What you have to do: Word for word, restate the lines from the top of the records below through the line with "Audi A4 40 TDI", both included, with no pictures in the result.

Brief descriptive captions:

╭──

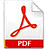 PDF Download - Business Profile : Infovision Technologies Pvt. Ltd.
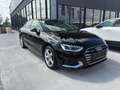 Audi A4 40 TDI quattro Sport S-tronic / ACC / NAVI / KLIMA Schwarz - thumbnail 1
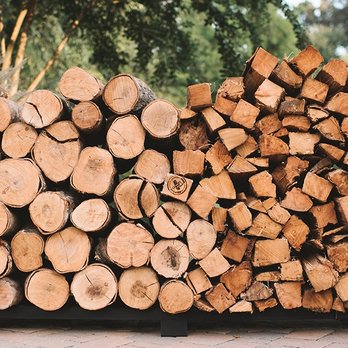 Firewood 2 You - Our customers include Hotels, Restaurants and hundreds of firewood enthusiasts. If you are looking to have a fire in your fireplace. - Firewood Near Me Firewood 2 You - Our customers include Hotels, Restaurants and hundreds of firewood enthusiasts. If you are looking to have a fire in your fireplace. - Firewood Near Me
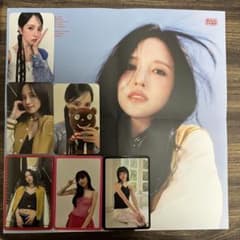 TWICEトレカ TWICE トレカ - メルカリ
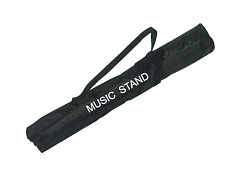 ROXTONE PB002 Black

╰──

Exercise solution:
 PDF Download - Business Profile : Infovision Technologies Pvt. Ltd.
 Audi A4 40 TDI quattro Sport S-tronic / ACC / NAVI / KLIMA Schwarz - thumbnail 1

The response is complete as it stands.